My parents were able to give my siblings and I the luxury of having a college fund. The three of us were able to take post-secondary training without having to go into financial debt. I have provided the same for my children. They are blessed to have financial and parental support to follow their dreams. Not every child has this blessing. Many students have to work extra jobs and take loans to continue in their field of dreams. Some may never get the opportunity because they just cannot swing it financially, emotionally, or practically.

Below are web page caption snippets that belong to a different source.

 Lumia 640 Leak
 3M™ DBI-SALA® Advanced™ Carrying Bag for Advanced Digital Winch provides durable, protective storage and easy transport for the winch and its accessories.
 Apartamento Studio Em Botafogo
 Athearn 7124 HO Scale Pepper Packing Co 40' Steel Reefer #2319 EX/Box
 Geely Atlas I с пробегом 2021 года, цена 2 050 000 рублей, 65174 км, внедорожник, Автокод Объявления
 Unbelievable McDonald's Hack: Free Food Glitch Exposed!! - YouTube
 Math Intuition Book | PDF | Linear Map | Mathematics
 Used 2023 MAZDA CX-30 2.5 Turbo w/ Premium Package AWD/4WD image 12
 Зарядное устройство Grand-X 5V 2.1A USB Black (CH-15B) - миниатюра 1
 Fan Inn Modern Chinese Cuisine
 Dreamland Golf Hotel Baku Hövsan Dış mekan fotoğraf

To say everyone has the same opportunity is a lie. The child living in a home where mom works three jobs to put food on the table does not have the same opportunity as a child from a higher income family has. These children cannot afford to join sports programs that are not school sponsored like: hockey, skating, and dance, they cannot afford to wear the latest and greatest, and they may not even be able to afford a lunch to take to school. These children have to work extra hard at keeping their grades up to one day be able to go on to college or university with scholarships. Even this is hard for a large majority of these children because their parent or parents are so busy trying to keep their heads above water that they may not have time to go over homework with their child. They live in survival mode rather than thriving mode. What can you do - How about at an elementary school reading with children, help at the breakfast program in your community, hand down your child’s old sports equipment?

Let’s not forget the women and girls around the world, in our country, and some even in our own neighbourhood that don’t have the choice to get an education and better themselves because the men in their family forbid it all in the name of religion. If these females chose to step out of the box that they have been put in they may be ousted from their families, abandoned, or even possibly killed for wanting to advance. No choice!

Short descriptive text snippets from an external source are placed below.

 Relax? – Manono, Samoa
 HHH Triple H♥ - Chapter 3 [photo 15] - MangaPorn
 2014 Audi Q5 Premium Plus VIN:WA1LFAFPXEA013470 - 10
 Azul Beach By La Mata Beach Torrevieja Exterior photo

Don’t even get me started on the Third World Nations. Poverty, hunger, disease, and social unrest create an atmosphere of despair for so many that there is just no way to have a more productive life. The people in these nations live day to day and some even live hour to hour. There is no hope and no opportunity. You and I can do our part by supporting programs such as World Vision. Make a difference in one person’s life. That small gift could be the difference between education or ignorance, or even life or death.

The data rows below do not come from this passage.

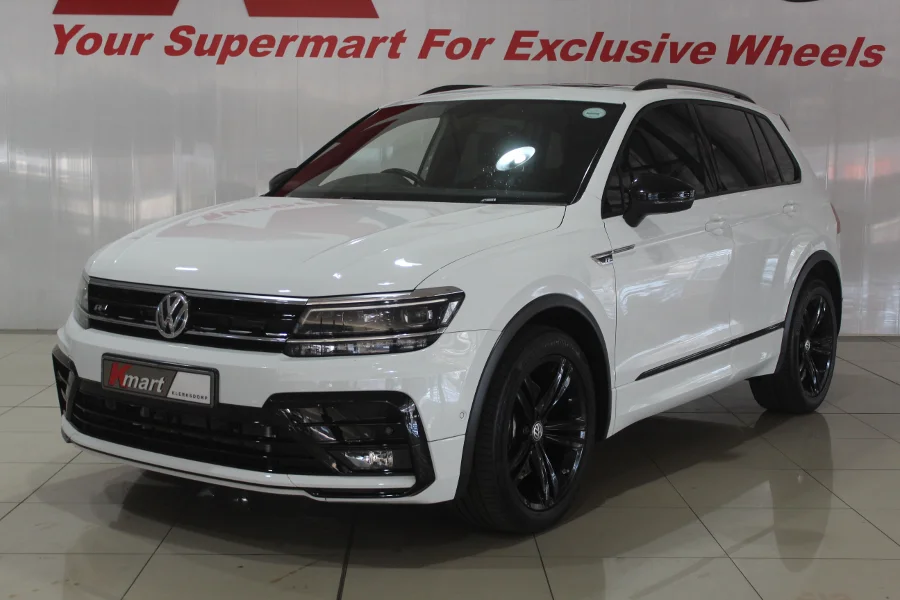 Used 2020 Volkswagen Tiguan 2.0TSI 4Motion Highline R-Line - K Mart Auto Used 2020 Volkswagen Tiguan 2.0TSI 4Motion Highline R-Line - K Mart Auto
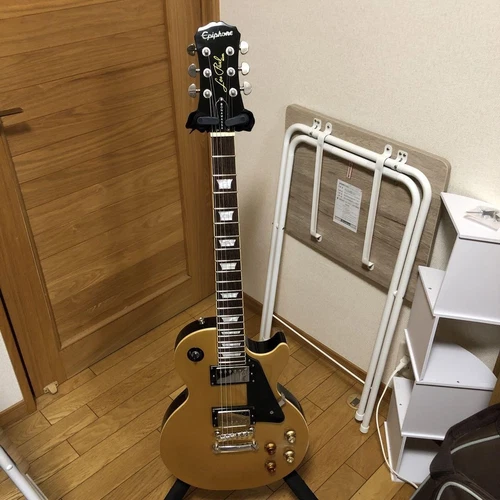Epiphone joe bonamassa Les Paul gold top Safe Packing!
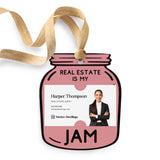 Real Estate is my Jam | Gift Tags Gift Tag Market Dwellings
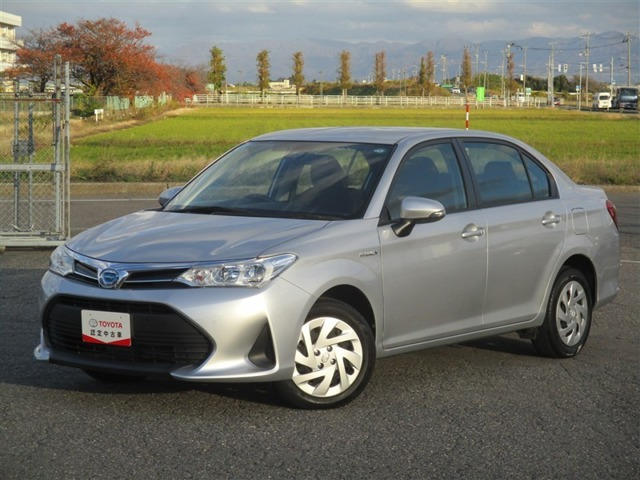 カローラアクシオ1.5 ハイブリッド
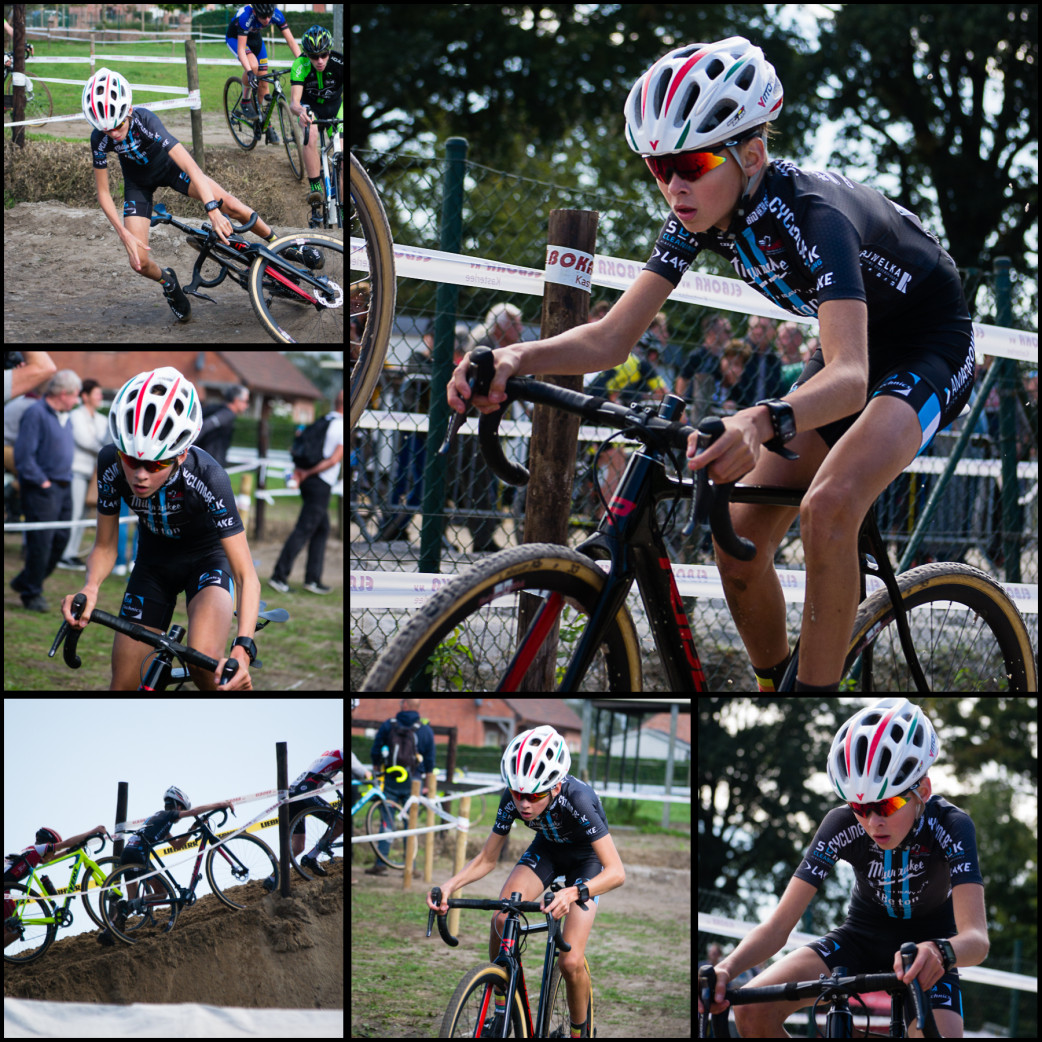 Milan Kasterlee 30-9-18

There are vast reasons why people do not obtain their personal best or what the world judges as the perfect opportunities. Some reasons lie solely on the shoulders of the individual – they have no drive, they play victim, or they make bad choices. There is however reasons beyond some peoples control of why they don’t live the dream. Make it your mission not to judge others with the same measuring tool you use to judge your life. They may not have had the same favourable advantages or circumstances that you or others have. Also, it is rewarding to you to take a moment and provide an opportunity for someone that is struggling. Perhaps that moment will be their golden opportunity.